I saw “The Social Network” over the weekend, and odds are that you did too: a $23 million weekend opening. Even Facebook creator Mark Zuckerberg was reported to have snuck in a screening, despite swearing that he’d stay far away from the thing. He obviously saw the 97 rating on metacritic.com and just gave up.
So what did I like about it? Plenty, plenty, plenty.
DIALOGUE: It’s been a long, long time since I’ve seen such top-notch words tumbling forth from the screen. If screenwriter Aaron Sorkin doesn’t win a damn award, I’m deleting my Facebook account. A deluge of dialogue assaults the ears, with no chance of catching a break. It’s a cinema racquetball match, your own thoughts dumped to the curb for tomorrow’s garbage pickup. Oh, the rhythm! There were times I caught myself laughing a full two seconds after a joke, simply because my ape brain needed time to sort it out.
NERD TALK: I had concerns that techy jargon would get buried (or at least simplified) in fine Hollywood tradition. Instead, director David Fincher toed the line nicely by thrusting it right up front, cramming one early flashback chock full of wget commands, php references, and apache mentions into the first 15 minutes. Quick editing kept the scene from becoming dull, with rapid switching between the mahogany glitz of Harvard’s social parties and the birth of Facebook in Zuckerberg’s dorm room. Beer in hand, of course.
JUSTIN TIMBERLAKE: No hint of N*Sync, but Timberlake plays a great villain as Napster co-founder Sean Parker. With a penchant for young girls and cocaine, he’s fun to hate.

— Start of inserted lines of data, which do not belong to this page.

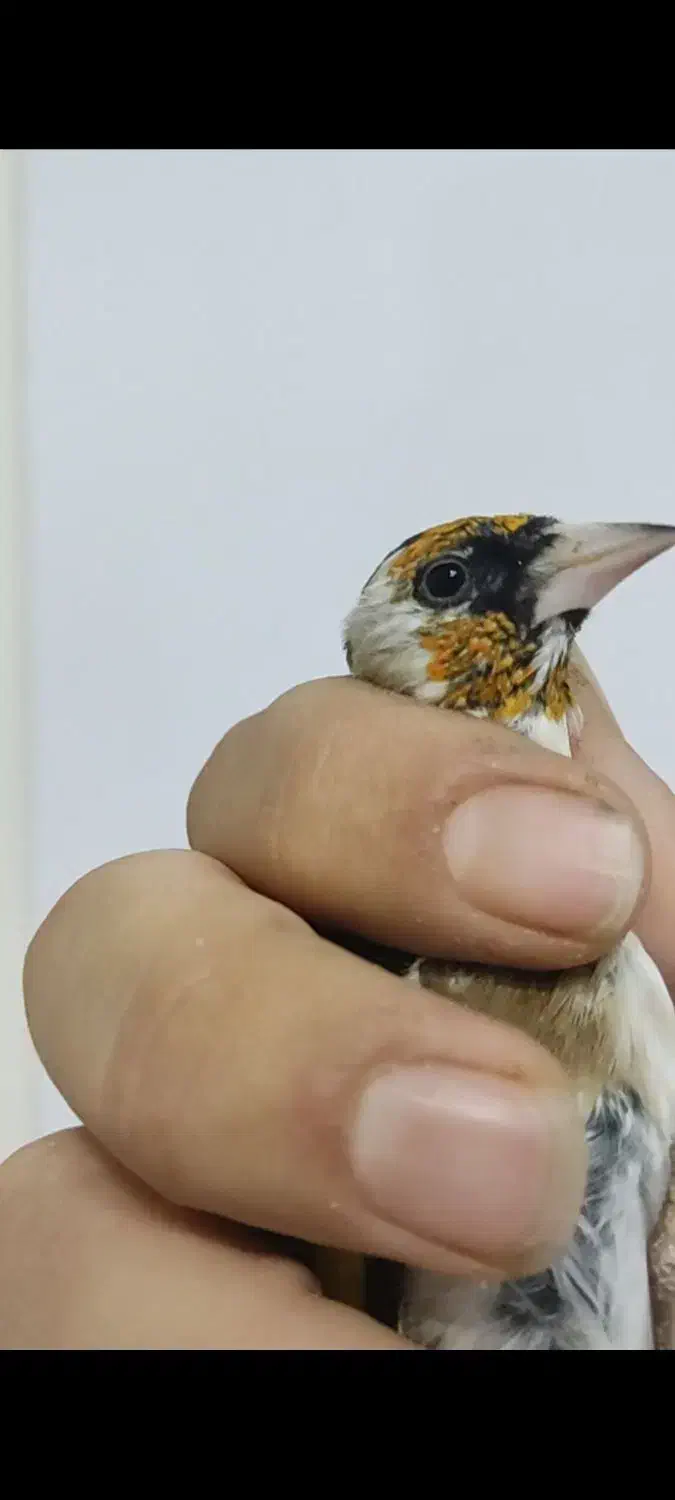 سهره چند نشون|پرنده|تهران, مینای شمالی (مخبر)|دیوار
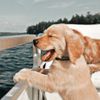 _analazarova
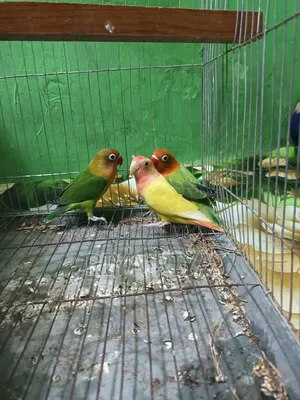 Love Bird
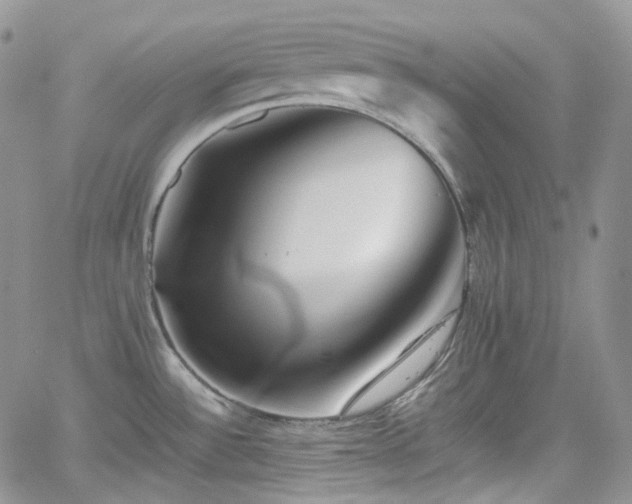 X0000062171532200512091417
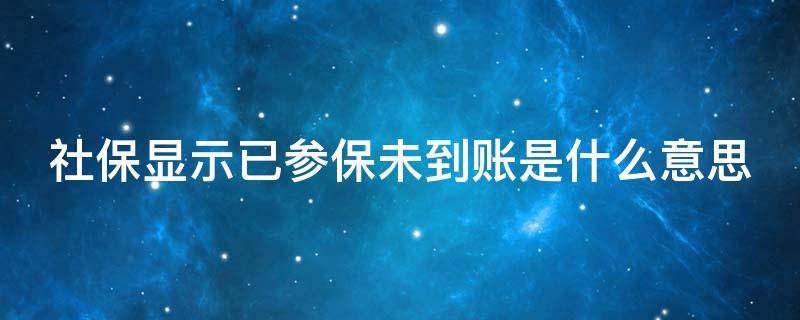 社保显示已参保未到账是什么意思 社保显示已参保未到账是什么意思呀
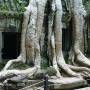 Cambodge - 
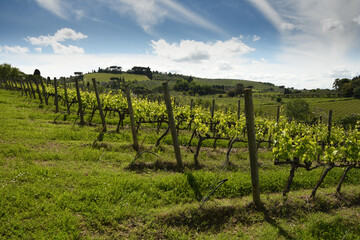 Fototapeta na wymiar Spectacular landscape with green grapevines and blue cloudy sky at Mercatale in Chianti, area of great wine production of Chianti Classico wine. Tuscany. Italy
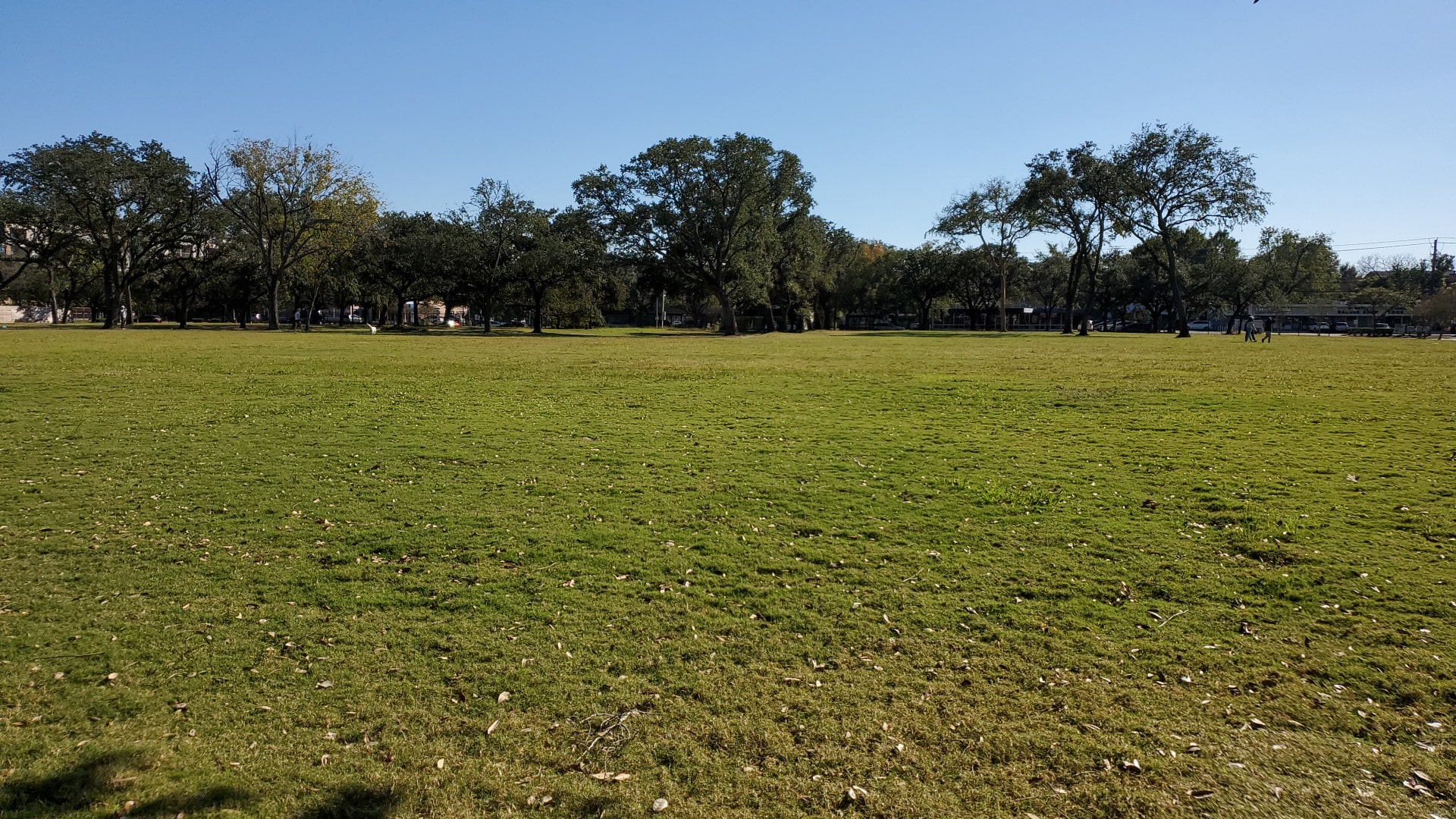 Menil green space - Houston, TX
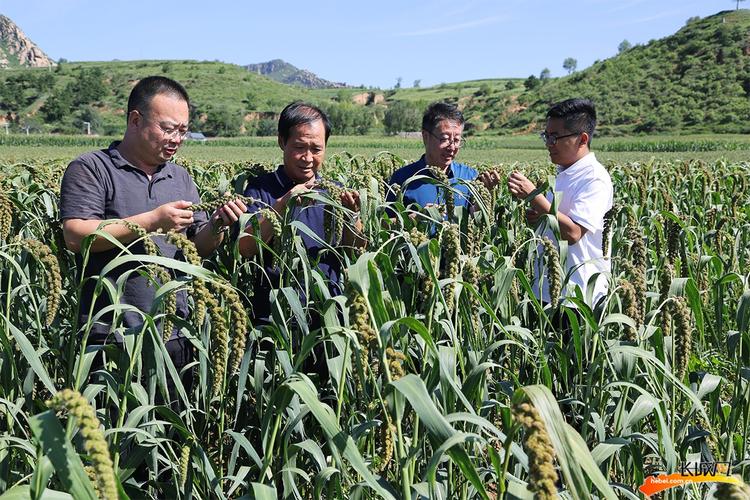 有机杂粮种植示范基地 引领杂粮种植迈向高品质新时代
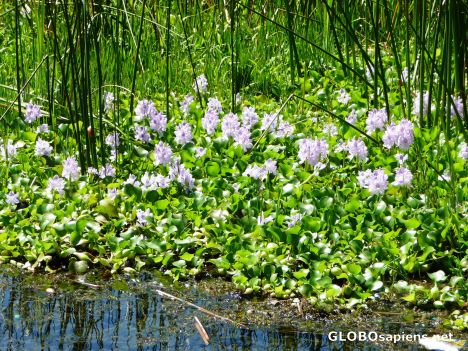 Postcard Water Hyacinths at the dock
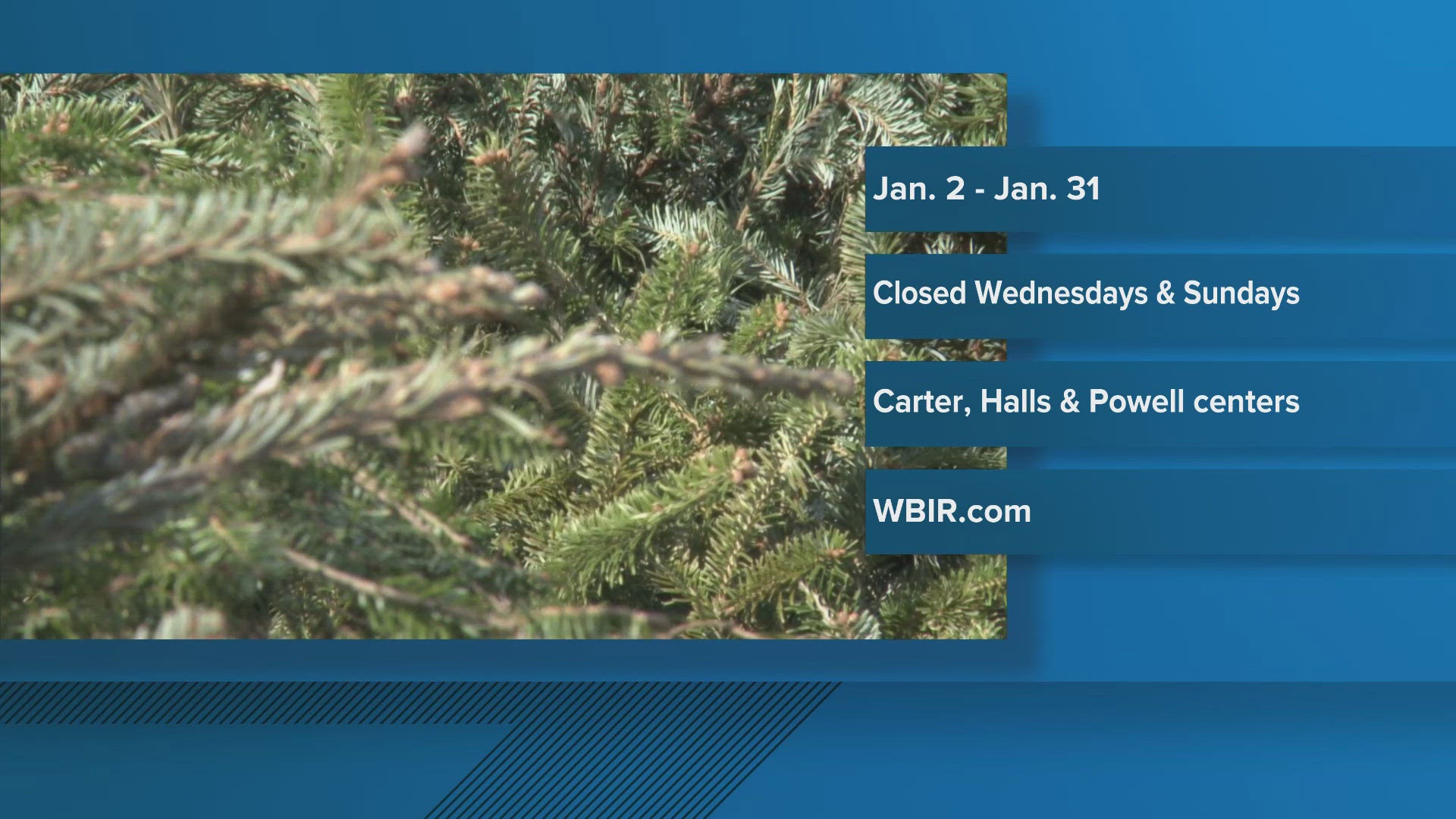 Here's how you can dispose of your Christmas tree in Knoxville | wbir.com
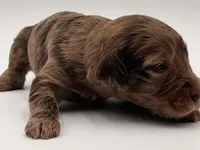 Mr Goodbar, a male Goldendoodle for sale in Sylvania, OH – Photo 8 of 9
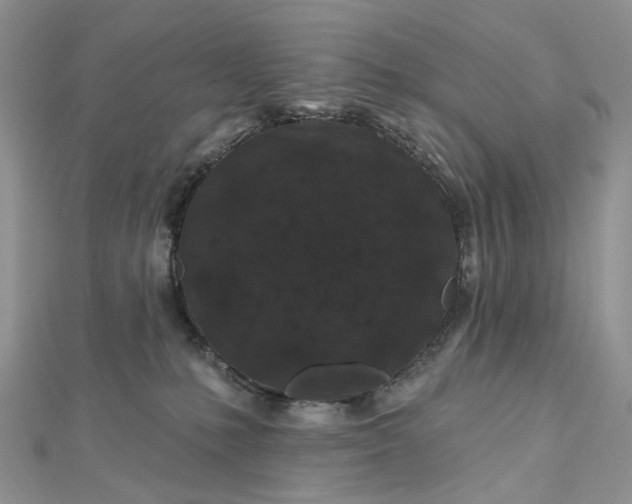 X0000112800231200909041439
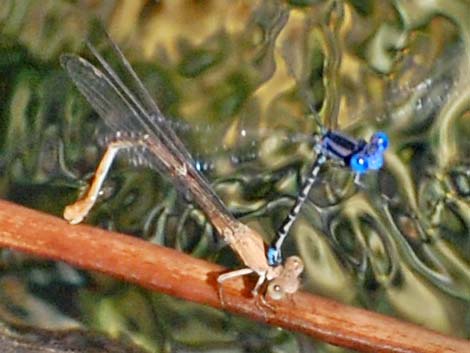 Blue-ringed Dancer (Argia sedula)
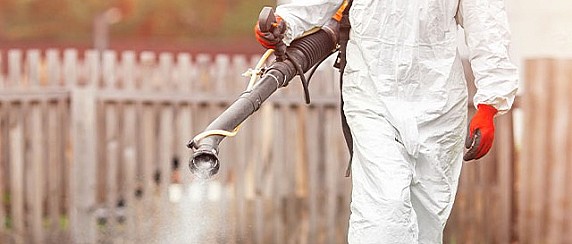 Consigli per il contenimento delle zanzare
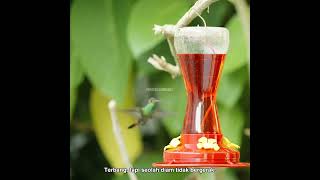 Hummingbirds dan cinta sekian detik.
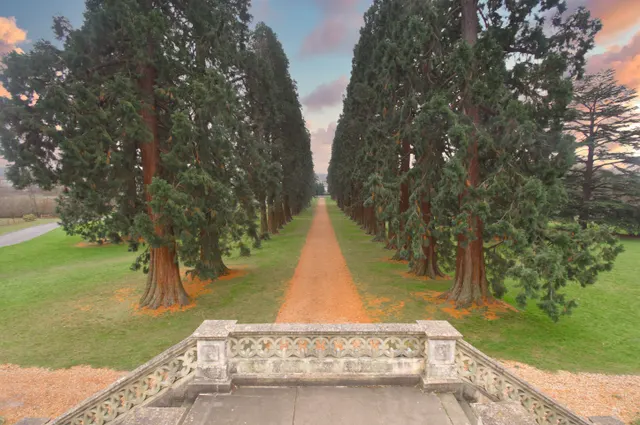 Royal Earlswood Park, RH1, photo 1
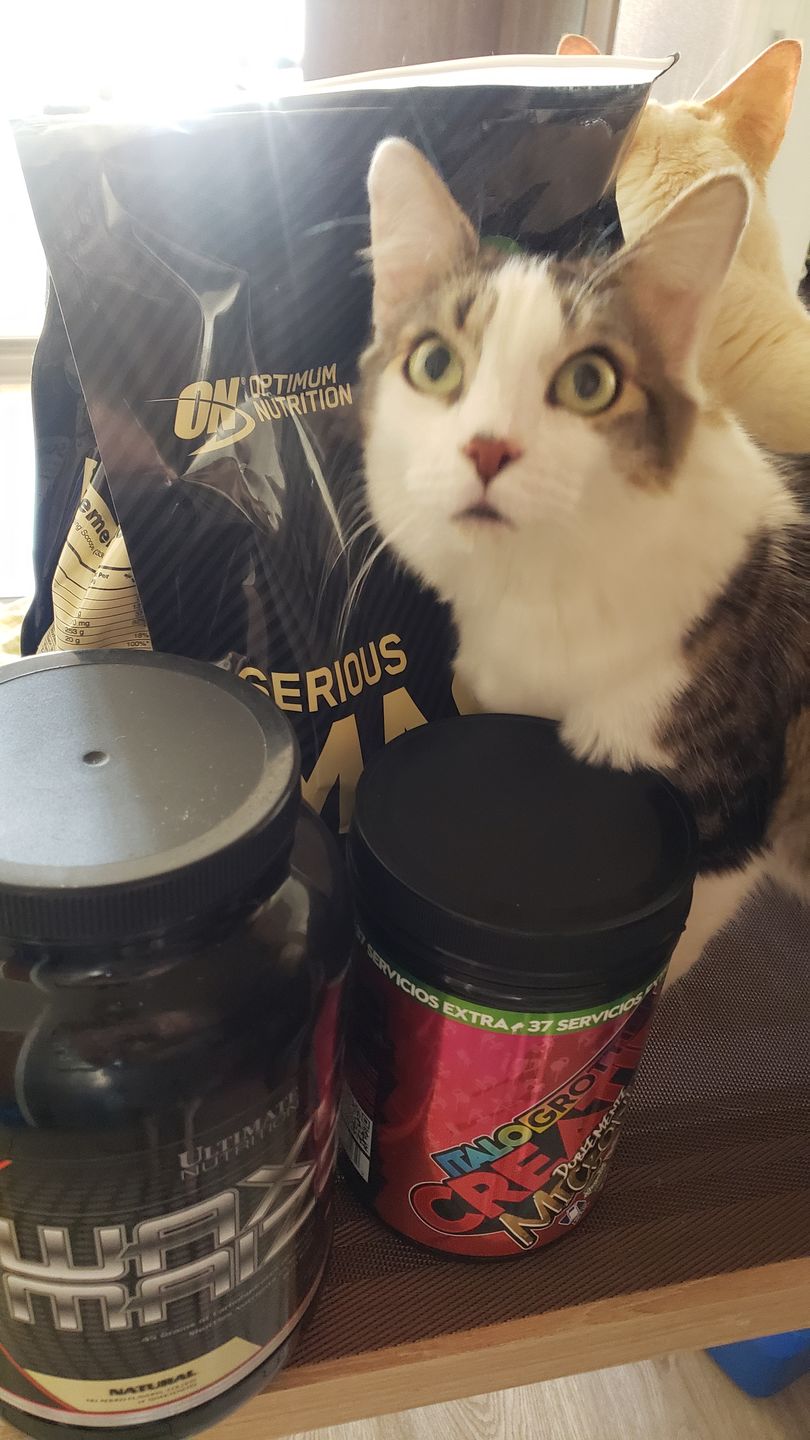 Customer photo review of Optimum Nutrition Serious Mass Ganador de Masa 12 Lb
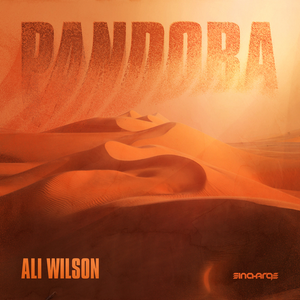 Pandora (Dyor remix)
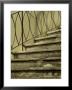 Detail Of Winding Staircase, Asolo, Italy by Todd Gipstein Limited Edition Print
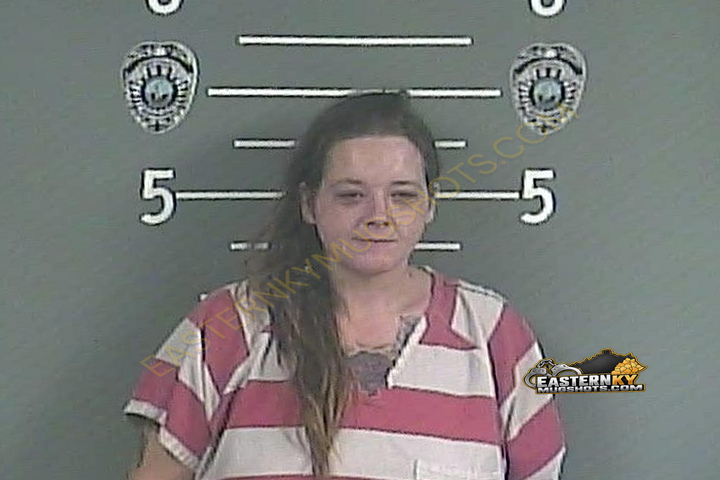 CRYSTAL R COOK booking photo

MUSIC: The soundtrack (save the Beatles track leading us to the credits – I won’t say which one) is composed by Nine Inch Nails frontman Trent Reznor and his long-time collaborator Atticus Ross. It reminds me a lot of the upside-down classical effort that Radiohead guitarist Jonny Greenwood wrote for “There Will Be Blood.” Instrumental dissonance, with occasional moments where the music demands your full attention. I’m grateful they didn’t pepper the flick with indie hits.
There’s much to consider in this loose adaptation of the Facebook story. Where’s the line between fact and fiction? How quickly can ambition turn rotten? Thankfully, the often reckless Zuckerberg has built an empire 500 million strong, each ready to enact judgment through that tiny box that asks: “What’s on your mind?”